Plug-and-play design of RG-Wormhole: Only the distance computation is replaced; the architecture and training pipeline remain unchanged. This modular substitution paradigm is generalizable to any deep learning method that employs Wasserstein distance as a subroutine.
Inductive bias of the constrained model: The convex combination form \(\omega + (1-\omega)\) automatically ensures that estimates fall between upper and lower bounds, constituting an elegant form of regularization.

Limitations & Future Work¶

Limitations of the linear assumption: The true relationship between SW distances and the Wasserstein distance may be nonlinear—the authors acknowledge that kernel regression may yield better results. However, the linear model already achieves \(R^2 > 0.9\) across all experiments, suggesting that the nonlinear component is small.
Meta-distribution assumption: Training and test distribution pairs must be drawn from the same meta-distribution; cross-domain generalization has not been validated.
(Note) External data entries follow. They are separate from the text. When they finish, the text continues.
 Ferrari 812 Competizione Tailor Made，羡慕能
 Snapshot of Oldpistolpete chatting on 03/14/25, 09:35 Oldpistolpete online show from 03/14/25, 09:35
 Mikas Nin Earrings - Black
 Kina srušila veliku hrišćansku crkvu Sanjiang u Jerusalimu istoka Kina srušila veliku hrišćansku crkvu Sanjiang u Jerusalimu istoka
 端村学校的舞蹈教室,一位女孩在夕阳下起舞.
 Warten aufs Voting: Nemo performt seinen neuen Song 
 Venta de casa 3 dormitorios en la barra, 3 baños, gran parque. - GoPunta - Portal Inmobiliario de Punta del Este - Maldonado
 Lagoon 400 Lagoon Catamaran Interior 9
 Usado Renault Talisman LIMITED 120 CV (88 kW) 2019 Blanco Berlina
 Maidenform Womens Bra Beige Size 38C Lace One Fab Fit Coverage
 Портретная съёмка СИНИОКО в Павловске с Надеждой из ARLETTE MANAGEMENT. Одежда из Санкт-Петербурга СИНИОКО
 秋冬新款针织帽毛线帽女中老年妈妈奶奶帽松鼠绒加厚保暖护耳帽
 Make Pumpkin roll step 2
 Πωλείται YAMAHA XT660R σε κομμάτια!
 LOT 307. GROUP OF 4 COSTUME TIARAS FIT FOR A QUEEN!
For instance, it is unclear whether RG weights calibrated on ShapeNetV2 transfer to ModelNet40.
No embedding space: The standalone RG framework only estimates distances and cannot perform interpolation, reconstruction, or other operations requiring an embedding space; these capabilities require integration with Wormhole, limiting independent applicability.
Selection of projection count \(L\): Monte Carlo estimation of SW distances requires specifying the number of projection directions \(L\); the optimal \(L\) varies across datasets and dimensionalities, and no adaptive selection strategy is provided.

vs. Wasserstein Wormhole: Wormhole maps distributions into Euclidean space using a Transformer encoder, requiring large numbers of exact WD pairs for training. The RG framework requires no neural networks and consistently outperforms Wormhole when \(M_0 \leq 200\). However, Wormhole's embedding space supports interpolation and reconstruction, capabilities that RG must inherit through integration.
vs. Sinkhorn distances: Sinkhorn reformulates the LP as matrix scaling via entropic regularization, reducing complexity to \(O(n^2/\varepsilon^2)\), but each call remains \(O(n^2)\). After calibration, RG inference requires only \(O(Ln \log n)\) and introduces no regularization bias.
vs. low-rank OT: Low-rank approximation methods exploit the low-rank structure of optimal transport plans, but still require solving each pair individually. RG's advantage lies in its "train once, reuse repeatedly" property—once weights are calibrated, new distribution pairs require only SW computation.
Broader Implications: The upper-lower bound regression paradigm generalizes to other computationally expensive distance metrics: whenever fast upper and lower bound approximations of a target metric can be identified, a similar linear regression framework can serve as a surrogate estimator.

Rating¶

Novelty: ⭐⭐⭐⭐ — The core idea of regressing on SW upper and lower bounds is simple yet novel, with clear mathematical motivation.
Experimental Thoroughness: ⭐⭐⭐⭐⭐ — Four datasets spanning 2D to 2500D, covering classification, visualization, embedding, interpolation, reconstruction, and comprehensive ablations.
Writing Quality: ⭐⭐⭐⭐ — Notation is clear and theoretical derivations are rigorous, though preliminary material occupies a disproportionately large portion of the paper.
Value: ⭐⭐⭐⭐⭐ — A plug-and-play Wasserstein acceleration framework with a closed-form solution requiring zero hyperparameter tuning, highly amenable to practical deployment.